Exactly as written and without the pictures, output the entries below.

........

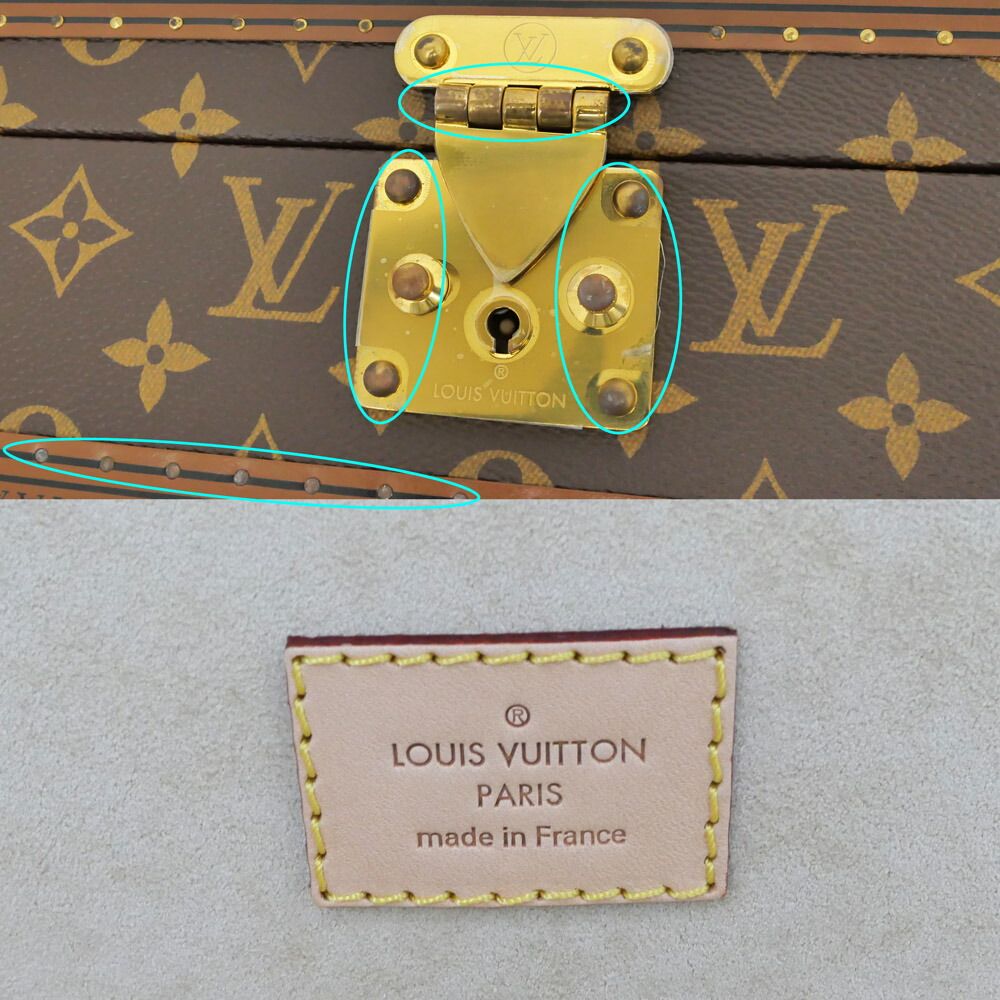 Louis Vuitton Monogram Coffret 8 Montre Watch Collection Case — view 8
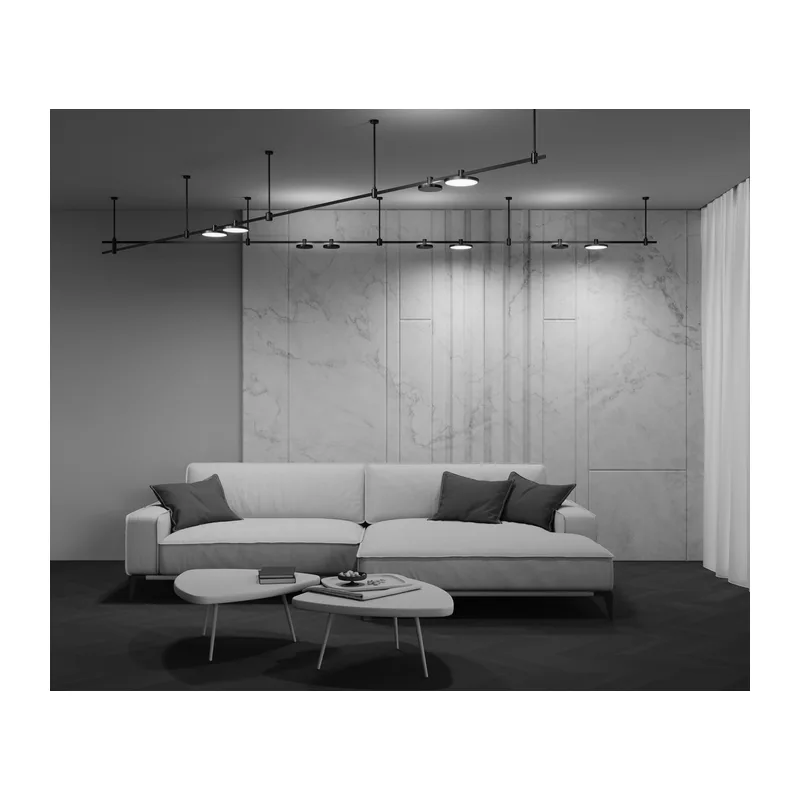 Трековый светильник Плато / Plato Flarity 4000K 10Вт 120° Maytoni TR153-1-10W4K-B 8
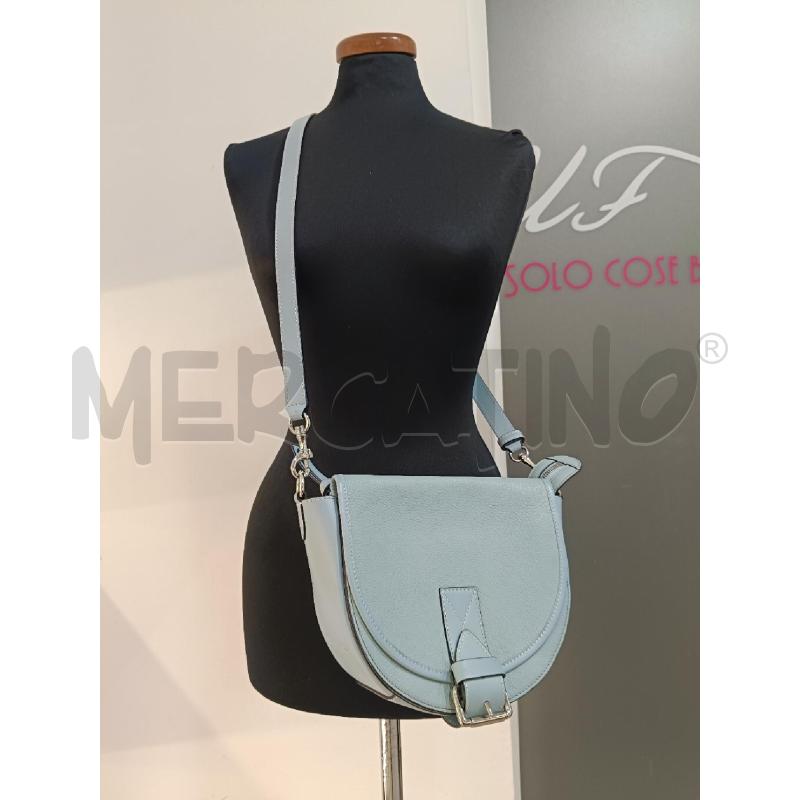 BORSA JW. ANDERSON CELESTE | Mercatino dell'Usato Roma gregorio vii 5
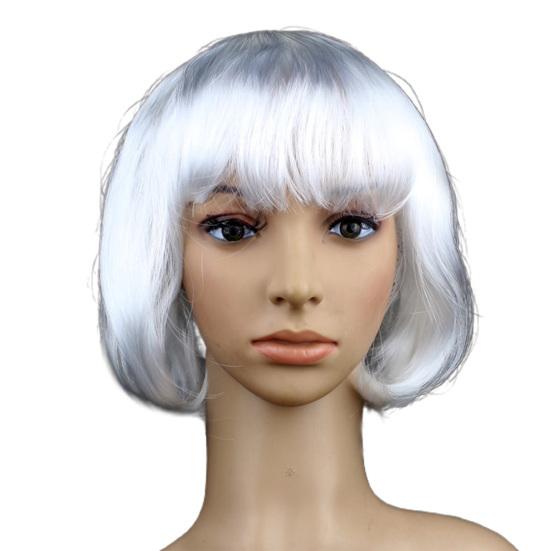 Women Wig Windproof Inner Mesh Adjustable Beauty Front Head Light Weight Wig for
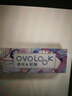 OVOLOOK美瞳半年抛2片黑色大直径自然混血灰色彩色隐形眼镜2024新款 大美目黑14.5mm 400度 实拍图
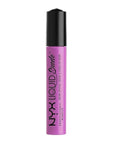 NYX PROFESSIONAL MAKEUP Liquid Suede Cream Lipstick - Respect The Pink (Light Fuchsia With Blue Undertones)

........

# [SOLVED PROBLEM]
 Louis Vuitton Monogram Coffret 8 Montre Watch Collection Case — view 8
 Трековый светильник Плато / Plato Flarity 4000K 10Вт 120° Maytoni TR153-1-10W4K-B 8
 BORSA JW. ANDERSON CELESTE | Mercatino dell'Usato Roma gregorio vii 5
 Women Wig Windproof Inner Mesh Adjustable Beauty Front Head Light Weight Wig for
 OVOLOOK美瞳半年抛2片黑色大直径自然混血灰色彩色隐形眼镜2024新款 大美目黑14.5mm 400度 实拍图
 NYX PROFESSIONAL MAKEUP Liquid Suede Cream Lipstick - Respect The Pink (Light Fuchsia With Blue Undertones)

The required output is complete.